Anguished by the time wasted by the commission of inquiry and Supreme Courts dwindling interest in the missing persons issue, she organized a second day/night protest in front of Parliament House Islamabad on 31 Oct 2011. She wrapped up this camp  the very next day on the appearance of Justice (r) Javaid Iqbal at the scene, who is heading the commission of inquiry. The Judge announced in front of media that he, in his official capacity, promises to divulge a final solution for the recovery of the missing persons within two weeks time. He did not keep his promise.

Third day/night camp

Continuing her struggle, she organized third day/night protest camp in front of Parliament House Islamabad which started on 15 February 2012 and continued for 75 days until 30 April 2012. She, along with families of more than 500 missing persons, stayed on the road side, garnering huge support and attention of media and civil society.

Results of Camp-2012 

Almost all the top leadership of important political parties visited the camp and showed solidarity with the cause, including Mian Nawaz Sharif, who was leading the opposition at that moment. The government, influenced by pressure, passed two unanimous resolutions, one in National Assembly and one in Senate, pledging to take measures to trace all missing persons and stop further incidents of enforced disappearance.

Death threats

She is continually under death threat via mail and phone from unknown persons. She informed the Supreme Court of the same consequently Court ordered the government to provide her with security.

Foreign visits

In 2008, she was invited by Amnesty International for a visit to Europe and USA. She addressed conferences in London, Birmingham, Manchester, Lausanne, Lucerne, Bern, Geneva, Zurich, Berlin, Hannover, Oslo, and Stockholm.

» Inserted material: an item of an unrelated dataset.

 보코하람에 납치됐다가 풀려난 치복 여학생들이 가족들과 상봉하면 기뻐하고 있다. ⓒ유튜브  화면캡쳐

Also, she met with the powerful government officials of many countries during her visits.

US visa cancellation

In 2008, her US visa was cancelled two hours before she was supposed to travel to the US. The US embassy never disclosed the reasons behind the refusal.

Role in media

She acts as the sole spokesperson of DHR Pakistan and continuously presents the missing persons' issue in Pakistan's as well as international media.

Role as chairperson DHR

Her activities as chairperson of Defence of Human Rights involves coordination with all the offices in Government circles like, PMs secretariat, Ministry of Defense, Ministry of Interior, Ministry of Law and Justice and HR, Supreme Court, Foreign office, FIA, NAB, City Administration, Army, provincial and tribal governments etc. She organises campaigns and manages all the activities of DHR. Her work includes coordination with international human rights organizations like Amnesty International, Human Rights Watch, Cageprisoners etc.

Her role in Supreme Court

In Nov 2006, she filed her first independent petition in Supreme Court for 16 missing persons. Chief Justice Iftikhar Muhammad Chaudhry allowed her to plead for the other missing persons as an advocate. Since then, she is continually appearing in the cases of missing  persons in the Supreme Court. Presently, she alone is representing more than 700 cases of enforced disappearance.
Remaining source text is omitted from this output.